I'm aware of the signs, and I appreciate the concern. It's something I'll lean into if it persists.

I'm glad to hear it ❤️ I'm sure you also know that major depression can be triggered by real-world events, so it's not impossible that you could have depression as a reaction to this one major change in your life.

 

On 1/11/2019 at 9:47 PM, sunny said:

The disconnect I'm getting via loved ones is a little more complex I suppose? I've spent a long time trying to relate to people talking about their relationships and crushes and their sexcapades. That's not the singular way I am connecting to them, sure, but suddenly there's this feeling of being... almost two steps further from them. There's this brand new disconnect as not feeling in line with the rest. These things don't matter in friendships and family, I know, but every time they talk about romantic love I'm left just, unable to pretend like I get it anymore. I thought they were like me, you know? And suddenly I'm not like them. There shouldn't be an "us" and "them" but for simplicity's sake and trying to pick apart myself, I think that's how I ought to put it.

Ahh okay, I think I get what you mean a bit more now and yeah that does make sense. If romance is a big part of their lives, and you've made the switch from trying to pretend you can relate to that, to accepting that you can't relate to that, then yeah I can see how that would cause a disconnect. 

 

I would say though that personally, even though I don't "get" romantic love and have no desire to be part of it, that's far from the only way my friends are not "like me". Some of my friends are sexually into women, which I don't understand or relate to either. Some of them are obsessed with the Great British Bake-Off and I'm just like  and totally tune out of those conversations when they happen. Sometimes I'm just like, I love you man, but some of the things you care about are fucking weird.

 

And that's okay! If my friends were "like me" in every way then I'd be bored to death by them. I like hearing about what's important to them and why, and how their experiences are different to mine. And of course, not being interested in romance myself doesn't mean I can't be sympathetic and supportive when my friends are suffering because of romantic problems. Just like I can be sympathetic and supportive when a friend's favourite football team loses an important match, even though I don't care about or support their team.

 

A shared interest in romance is emphatically NOT the only way to connect with people. Being different to your friends in this way absolutely does not mean you can't relate to them ever again.
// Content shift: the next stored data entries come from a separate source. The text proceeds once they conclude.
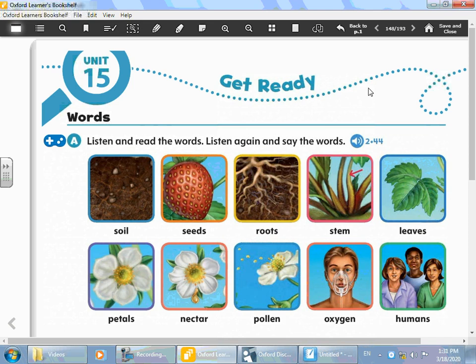After we heard the words, please try to say them after me: soil, seeds, roots, stem, leaves, petals, nectar, pollen, oxygen, humans. Now, before we discuss the meanings, I want you to pause the video for five minutes. Search for the meanings of the words in the dictionary at the back, like we always do. Highlight or underline the word and its meaning, and please read it — don't only underline it, but read it too.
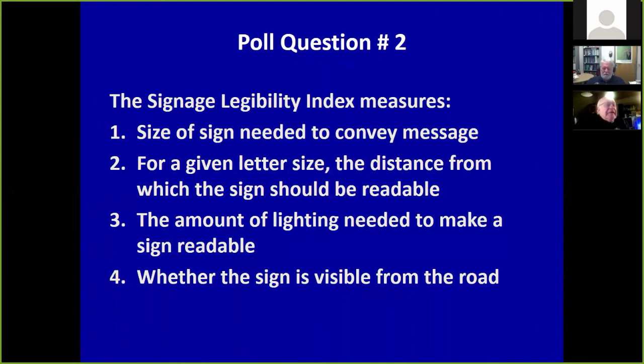Poll question two: the signage legibility index measures — the size of a sign needed to convey a message; the amount of lighting needed to make a sign readable; or whether the sign is visible from the road. Most people got it right. Number two — for a given letter size and distance at which the sign should be readable — is the correct answer.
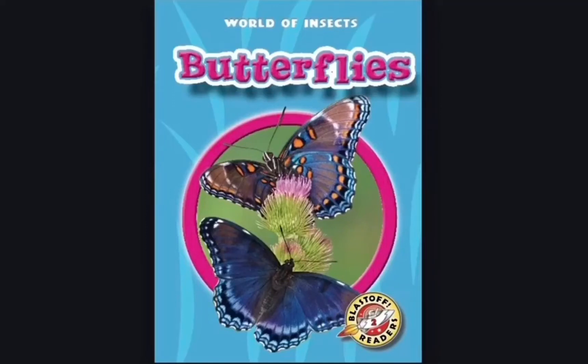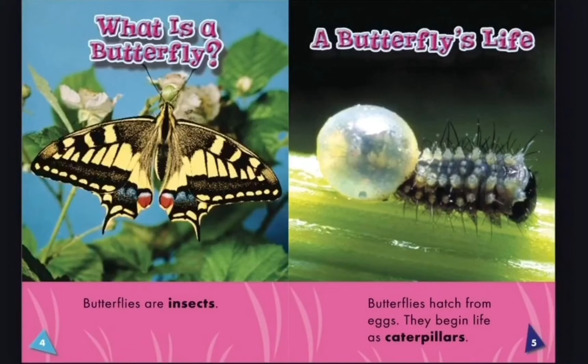Hello guys! It's me again. Today I'm going to read World of Insects: Butterflies. What is a butterfly?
You're obviously going through a tough period of re-adjustment right now, and I don't want to diminish that at all - it is tough. But I'm sure that romance isn't the only thing that has ever been important in your friends' lives. I'm sure there are plenty of other shared activities, interests, and values that your friendships are founded on. So my advice would again be to try to focus on what those things are, and focus on the ways that you do relate to the people you care about.